Among the entries below, the lines from the one with "Girls lyrical modern" up to and including the one with "Avatar for the" are to be restated exactly, without pictures.

— Working data —
*** Begin section ***

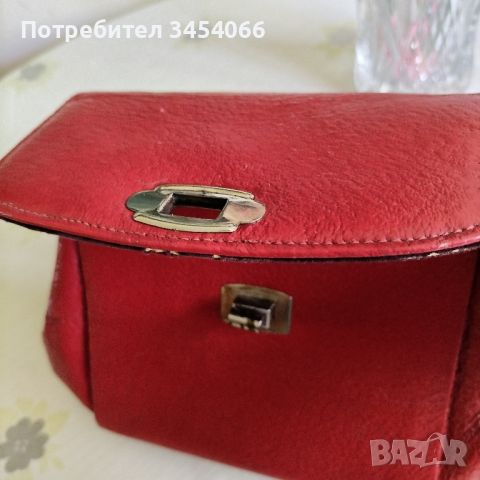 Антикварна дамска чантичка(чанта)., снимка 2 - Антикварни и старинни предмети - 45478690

*** End section ***
*** Begin section ***

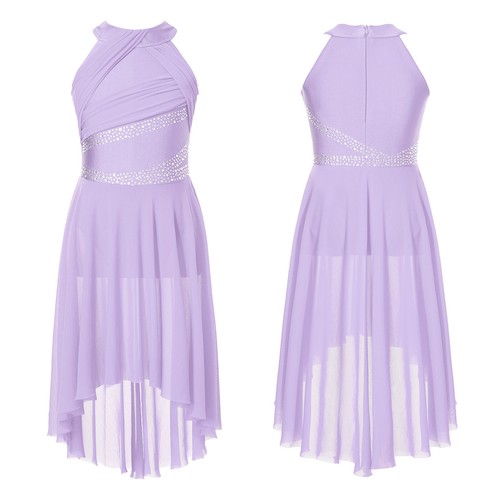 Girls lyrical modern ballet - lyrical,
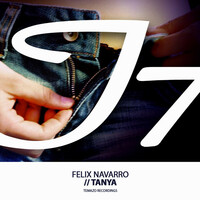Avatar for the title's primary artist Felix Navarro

*** End section ***

— Written response —
 Girls lyrical modern ballet - lyrical,
Avatar for the title's primary artist Felix Navarro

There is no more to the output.